## Required action
Go to the line containing "la maison des" in the listing below and retype it and every later line exactly, down to the last.
─── Records for the exercise ───
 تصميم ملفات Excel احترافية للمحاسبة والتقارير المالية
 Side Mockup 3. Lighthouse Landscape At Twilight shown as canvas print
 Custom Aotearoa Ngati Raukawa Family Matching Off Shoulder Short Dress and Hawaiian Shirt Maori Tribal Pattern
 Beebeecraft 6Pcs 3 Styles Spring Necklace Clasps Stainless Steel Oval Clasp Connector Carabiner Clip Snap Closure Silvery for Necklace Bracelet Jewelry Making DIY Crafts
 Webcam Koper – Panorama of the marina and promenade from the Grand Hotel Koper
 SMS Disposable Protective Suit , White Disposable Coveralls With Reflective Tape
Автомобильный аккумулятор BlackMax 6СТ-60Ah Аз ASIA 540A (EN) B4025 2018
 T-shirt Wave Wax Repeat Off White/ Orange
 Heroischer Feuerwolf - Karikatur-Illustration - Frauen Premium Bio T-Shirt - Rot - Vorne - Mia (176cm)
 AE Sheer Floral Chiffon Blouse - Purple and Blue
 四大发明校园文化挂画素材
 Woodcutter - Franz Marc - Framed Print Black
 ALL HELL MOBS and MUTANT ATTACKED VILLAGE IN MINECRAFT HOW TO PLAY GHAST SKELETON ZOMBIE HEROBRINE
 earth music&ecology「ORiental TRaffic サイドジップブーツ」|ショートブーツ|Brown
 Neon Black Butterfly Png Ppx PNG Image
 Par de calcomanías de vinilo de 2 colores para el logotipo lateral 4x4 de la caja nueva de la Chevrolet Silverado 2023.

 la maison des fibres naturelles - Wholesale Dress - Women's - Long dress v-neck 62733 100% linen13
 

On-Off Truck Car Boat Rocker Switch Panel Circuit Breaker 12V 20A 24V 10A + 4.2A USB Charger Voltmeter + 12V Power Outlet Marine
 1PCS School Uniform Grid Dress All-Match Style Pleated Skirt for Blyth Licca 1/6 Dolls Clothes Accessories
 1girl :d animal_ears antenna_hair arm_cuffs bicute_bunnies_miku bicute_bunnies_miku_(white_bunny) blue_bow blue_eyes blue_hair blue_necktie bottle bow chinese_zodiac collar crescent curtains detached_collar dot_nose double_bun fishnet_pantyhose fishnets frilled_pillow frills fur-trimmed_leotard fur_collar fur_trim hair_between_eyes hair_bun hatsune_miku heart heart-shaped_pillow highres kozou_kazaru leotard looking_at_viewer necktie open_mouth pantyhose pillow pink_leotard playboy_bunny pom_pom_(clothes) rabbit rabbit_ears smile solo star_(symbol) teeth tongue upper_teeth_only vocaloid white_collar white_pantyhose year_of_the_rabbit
───
## Exercise output
 la maison des fibres naturelles - Wholesale Dress - Women's - Long dress v-neck 62733 100% linen13
 

On-Off Truck Car Boat Rocker Switch Panel Circuit Breaker 12V 20A 24V 10A + 4.2A USB Charger Voltmeter + 12V Power Outlet Marine
 1PCS School Uniform Grid Dress All-Match Style Pleated Skirt for Blyth Licca 1/6 Dolls Clothes Accessories
 1girl :d animal_ears antenna_hair arm_cuffs bicute_bunnies_miku bicute_bunnies_miku_(white_bunny) blue_bow blue_eyes blue_hair blue_necktie bottle bow chinese_zodiac collar crescent curtains detached_collar dot_nose double_bun fishnet_pantyhose fishnets frilled_pillow frills fur-trimmed_leotard fur_collar fur_trim hair_between_eyes hair_bun hatsune_miku heart heart-shaped_pillow highres kozou_kazaru leotard looking_at_viewer necktie open_mouth pantyhose pillow pink_leotard playboy_bunny pom_pom_(clothes) rabbit rabbit_ears smile solo star_(symbol) teeth tongue upper_teeth_only vocaloid white_collar white_pantyhose year_of_the_rabbit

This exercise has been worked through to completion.